Supplied material -

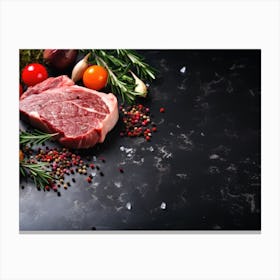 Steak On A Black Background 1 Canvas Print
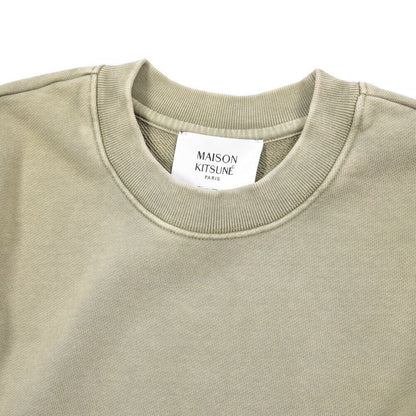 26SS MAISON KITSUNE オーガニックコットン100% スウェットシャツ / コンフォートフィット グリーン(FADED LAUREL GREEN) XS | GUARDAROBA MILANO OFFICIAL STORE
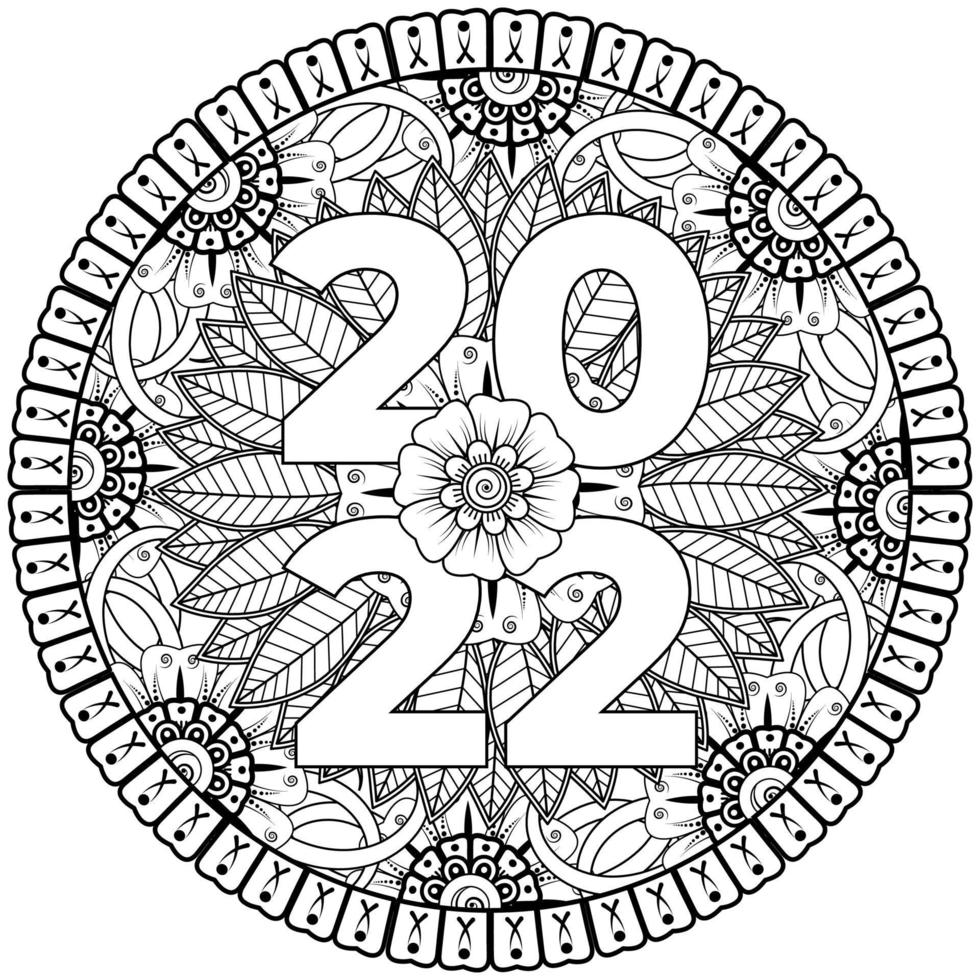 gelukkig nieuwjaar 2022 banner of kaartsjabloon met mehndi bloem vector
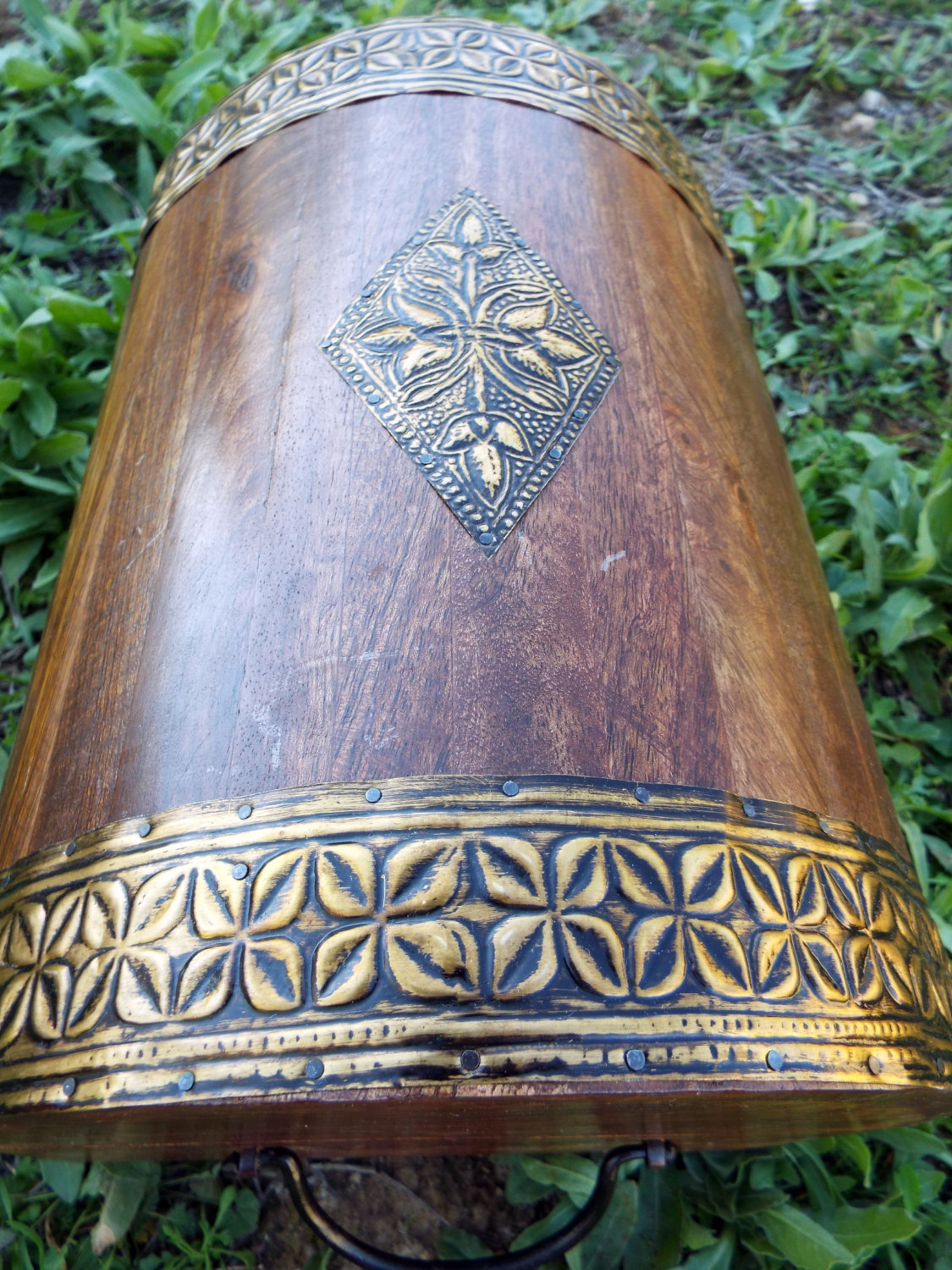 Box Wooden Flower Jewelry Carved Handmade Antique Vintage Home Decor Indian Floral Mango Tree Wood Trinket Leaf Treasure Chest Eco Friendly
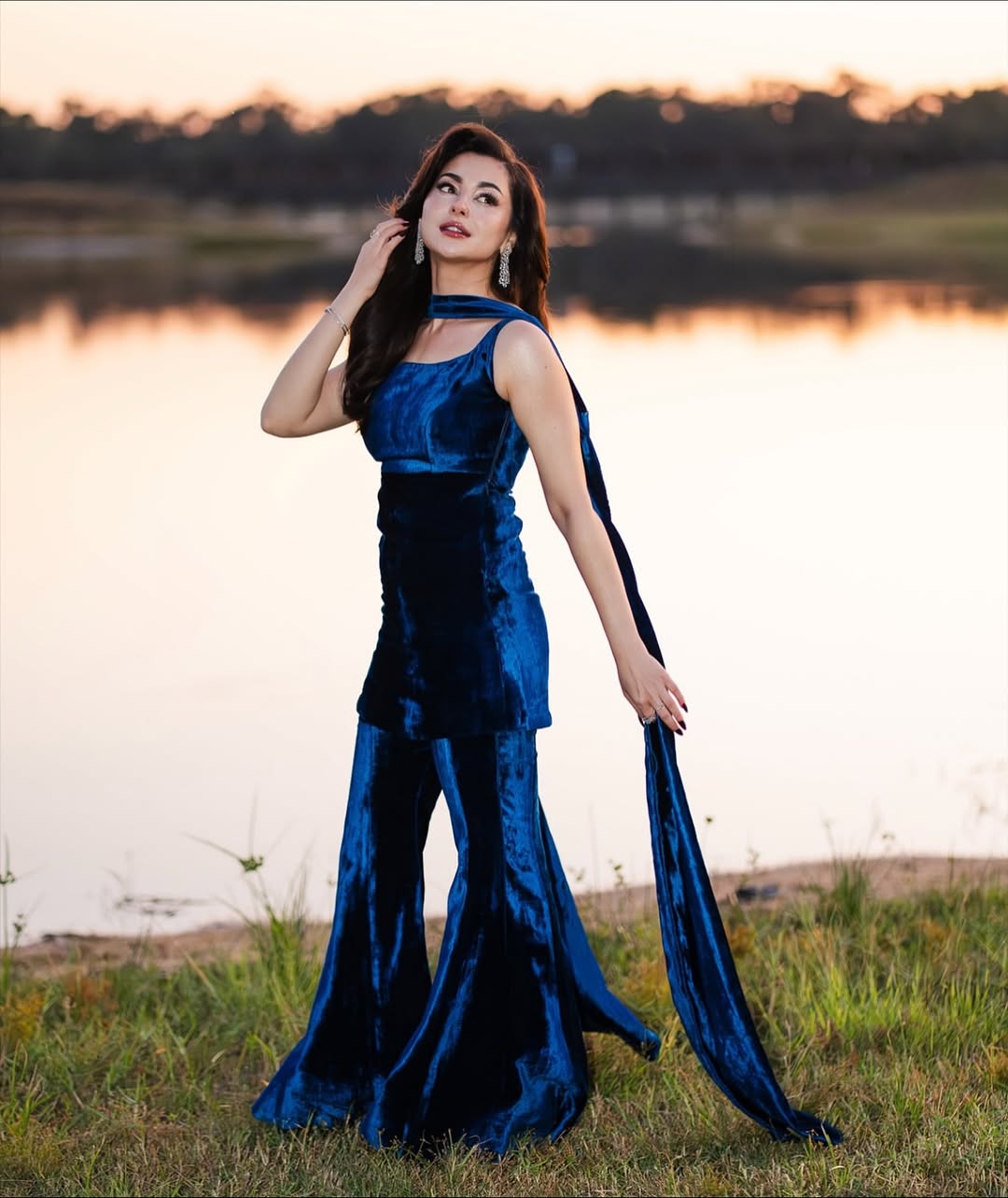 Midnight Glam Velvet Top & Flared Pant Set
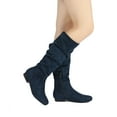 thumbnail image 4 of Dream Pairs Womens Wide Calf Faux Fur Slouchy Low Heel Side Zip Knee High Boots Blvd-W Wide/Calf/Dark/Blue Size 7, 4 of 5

What you will do - Beginning with the line with "Box Wooden Flower", repeat the entries above exactly, up to and including the last line, leaving out pictures.

Answer to the problem -
 Box Wooden Flower Jewelry Carved Handmade Antique Vintage Home Decor Indian Floral Mango Tree Wood Trinket Leaf Treasure Chest Eco Friendly
 Midnight Glam Velvet Top & Flared Pant Set
 thumbnail image 4 of Dream Pairs Womens Wide Calf Faux Fur Slouchy Low Heel Side Zip Knee High Boots Blvd-W Wide/Calf/Dark/Blue Size 7, 4 of 5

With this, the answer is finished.